Ни сказав, ни слова, грустно выдохнул, и вернулся в нашу с Саней комнату.
Судя по непрекращающемуся гудению, доносящемуся из узкого зарешеченного окошка под потолком, снаружи дело только набирало оборот. По-моему, я даже стал улавливать нотки истерики в звонких голосах горнов.
В следующие пару минут, натянул доставшиеся в наследство шелковые гетры с защитными накладками из кожи, запасные свежие шорты и сандалии. Завершил образ эпического героя, вернувшаяся поверх запасной футболки единственная моя бронежилетка, названная кем-то из охотников смутно знакомым словом «бригантина»[17]
.Ну и в конце, пришлось опять вооружаться, только с учетом предстоящей специфики.
Тесак «скрамасакс», легкая каменная дубинка за пояс — здесь это было самое популярное оружие против своих ближних — небольшой щит и легкое метательное копье с обсидиановым наконечником. То, что с железным — решил не брать, просто потому что задавила жаба опять рисковать им.

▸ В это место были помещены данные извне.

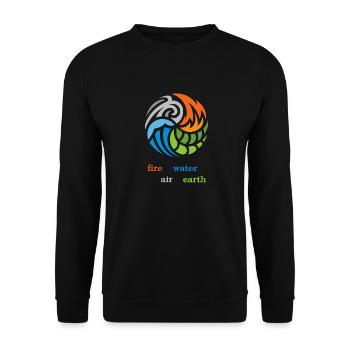 The 4 elements. Fire, water, air and earth - Unisex Sweatshirt - black - Front - Alina (178cm) & Michal (187cm)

Да, широким и хорошо заточенным металлическим лезвием можно было рубить слабозащищенные цели, почти как алебардой, но метать в кого-то меньше коровы (и тем более — в подвижных легковооруженных людей) — дело глупое и совершенно неблагодарное.
— Ты, если чего, считай меня коммунистом! — намекнул я трактирщику о своих планах, перед тем, как покинуть заведение.
Не потому, что он был слепой и мог чего-то не понять по моему воинственному виду, а скорее просто, чтоб сказать чего-нибудь. Без мази воинственность давалась мне куда волнительнее и, конечно же, я мандражировал.
— Это означает, что ты все-таки принял решение остаться среди нас?
— Если будет где… — в горле изрядно пересохло, но я все-таки договорил, — и, понятно, если будет «кому» оставаться!
— Может, давай обойдемся без поцелуев? — поморщился Черпак, занятый какими-то своими подсчетами. Правда, потом он отчего-то передумал, обернувшись, приглашающе раскинул руки и насмешливо уточнил. — Не, но если сильно надо…
— Иди в жопу! — хмыкнул я, и с удивлением осознал, что на душе и впрямь стало полегче.
Кивнув, трактирщик вернулся к своим делам:
— Так, напомни-ка, сколько у нас осталось крупы…
В это время года на местных — если можно так сказать — улицах, всегда было не слишком многолюдно, но хотя бы среди плодовых деревьев нет-нет, а встречались отдельные трудоголики. В наступающих сумерках я не смог рассмотреть вообще никого.
После недавней душещипательной сцены возвращаться в трактир и спрашивать, а куда, мол, мне лучше пойти — было бы совсем неловко, поэтому решил ориентироваться на интуицию.